Exercise:
Every entry below must appear again, exactly as written.

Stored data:
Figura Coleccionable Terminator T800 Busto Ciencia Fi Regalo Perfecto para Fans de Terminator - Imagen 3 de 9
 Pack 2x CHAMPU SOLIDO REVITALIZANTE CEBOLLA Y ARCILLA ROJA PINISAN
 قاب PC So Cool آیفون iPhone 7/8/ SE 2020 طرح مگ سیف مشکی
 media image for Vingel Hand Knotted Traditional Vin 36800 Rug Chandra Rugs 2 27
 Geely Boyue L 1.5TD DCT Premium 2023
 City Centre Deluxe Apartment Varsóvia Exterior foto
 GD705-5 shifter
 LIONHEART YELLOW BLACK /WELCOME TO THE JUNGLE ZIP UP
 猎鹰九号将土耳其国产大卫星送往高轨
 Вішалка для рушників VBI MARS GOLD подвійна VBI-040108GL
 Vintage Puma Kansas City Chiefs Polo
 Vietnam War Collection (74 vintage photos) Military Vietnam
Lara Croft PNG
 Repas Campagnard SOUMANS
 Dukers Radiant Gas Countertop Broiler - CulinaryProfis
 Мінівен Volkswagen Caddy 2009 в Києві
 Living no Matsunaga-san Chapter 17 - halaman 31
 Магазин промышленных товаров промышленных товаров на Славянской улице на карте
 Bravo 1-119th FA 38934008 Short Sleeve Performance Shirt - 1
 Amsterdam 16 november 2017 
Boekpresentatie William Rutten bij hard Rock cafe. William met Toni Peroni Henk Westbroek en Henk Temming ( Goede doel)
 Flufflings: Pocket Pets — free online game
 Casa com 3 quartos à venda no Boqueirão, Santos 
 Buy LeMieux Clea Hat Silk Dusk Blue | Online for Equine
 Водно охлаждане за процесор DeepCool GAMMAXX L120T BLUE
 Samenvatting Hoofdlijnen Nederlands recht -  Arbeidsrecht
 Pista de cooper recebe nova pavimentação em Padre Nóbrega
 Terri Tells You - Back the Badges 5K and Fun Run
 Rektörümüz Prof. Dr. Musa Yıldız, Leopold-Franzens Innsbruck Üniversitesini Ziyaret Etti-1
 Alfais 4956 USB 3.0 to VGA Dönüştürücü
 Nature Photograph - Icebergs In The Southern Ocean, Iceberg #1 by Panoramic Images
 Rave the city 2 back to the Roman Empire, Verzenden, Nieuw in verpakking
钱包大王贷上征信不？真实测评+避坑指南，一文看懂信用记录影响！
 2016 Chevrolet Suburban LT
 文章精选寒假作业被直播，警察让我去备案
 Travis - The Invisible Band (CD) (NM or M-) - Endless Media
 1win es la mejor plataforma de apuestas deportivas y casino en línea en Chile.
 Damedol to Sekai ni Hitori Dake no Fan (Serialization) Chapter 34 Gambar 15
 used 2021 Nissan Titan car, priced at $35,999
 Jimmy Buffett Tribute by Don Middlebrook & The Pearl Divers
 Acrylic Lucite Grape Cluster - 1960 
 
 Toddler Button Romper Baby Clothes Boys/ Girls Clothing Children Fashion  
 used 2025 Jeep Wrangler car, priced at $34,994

Expected output:
Figura Coleccionable Terminator T800 Busto Ciencia Fi Regalo Perfecto para Fans de Terminator - Imagen 3 de 9
 Pack 2x CHAMPU SOLIDO REVITALIZANTE CEBOLLA Y ARCILLA ROJA PINISAN
 قاب PC So Cool آیفون iPhone 7/8/ SE 2020 طرح مگ سیف مشکی
 media image for Vingel Hand Knotted Traditional Vin 36800 Rug Chandra Rugs 2 27
 Geely Boyue L 1.5TD DCT Premium 2023
 City Centre Deluxe Apartment Varsóvia Exterior foto
 GD705-5 shifter
 LIONHEART YELLOW BLACK /WELCOME TO THE JUNGLE ZIP UP
 猎鹰九号将土耳其国产大卫星送往高轨
 Вішалка для рушників VBI MARS GOLD подвійна VBI-040108GL
 Vintage Puma Kansas City Chiefs Polo
 Vietnam War Collection (74 vintage photos) Military Vietnam
Lara Croft PNG
 Repas Campagnard SOUMANS
 Dukers Radiant Gas Countertop Broiler - CulinaryProfis
 Мінівен Volkswagen Caddy 2009 в Києві
 Living no Matsunaga-san Chapter 17 - halaman 31
 Магазин промышленных товаров промышленных товаров на Славянской улице на карте
 Bravo 1-119th FA 38934008 Short Sleeve Performance Shirt - 1
 Amsterdam 16 november 2017 
Boekpresentatie William Rutten bij hard Rock cafe. William met Toni Peroni Henk Westbroek en Henk Temming ( Goede doel)
 Flufflings: Pocket Pets — free online game
 Casa com 3 quartos à venda no Boqueirão, Santos 
 Buy LeMieux Clea Hat Silk Dusk Blue | Online for Equine
 Водно охлаждане за процесор DeepCool GAMMAXX L120T BLUE
 Samenvatting Hoofdlijnen Nederlands recht -  Arbeidsrecht
 Pista de cooper recebe nova pavimentação em Padre Nóbrega
 Terri Tells You - Back the Badges 5K and Fun Run
 Rektörümüz Prof. Dr. Musa Yıldız, Leopold-Franzens Innsbruck Üniversitesini Ziyaret Etti-1
 Alfais 4956 USB 3.0 to VGA Dönüştürücü
 Nature Photograph - Icebergs In The Southern Ocean, Iceberg #1 by Panoramic Images
 Rave the city 2 back to the Roman Empire, Verzenden, Nieuw in verpakking
钱包大王贷上征信不？真实测评+避坑指南，一文看懂信用记录影响！
 2016 Chevrolet Suburban LT
 文章精选寒假作业被直播，警察让我去备案
 Travis - The Invisible Band (CD) (NM or M-) - Endless Media
 1win es la mejor plataforma de apuestas deportivas y casino en línea en Chile.
 Damedol to Sekai ni Hitori Dake no Fan (Serialization) Chapter 34 Gambar 15
 used 2021 Nissan Titan car, priced at $35,999
 Jimmy Buffett Tribute by Don Middlebrook & The Pearl Divers
 Acrylic Lucite Grape Cluster - 1960 
 
 Toddler Button Romper Baby Clothes Boys/ Girls Clothing Children Fashion  
 used 2025 Jeep Wrangler car, priced at $34,994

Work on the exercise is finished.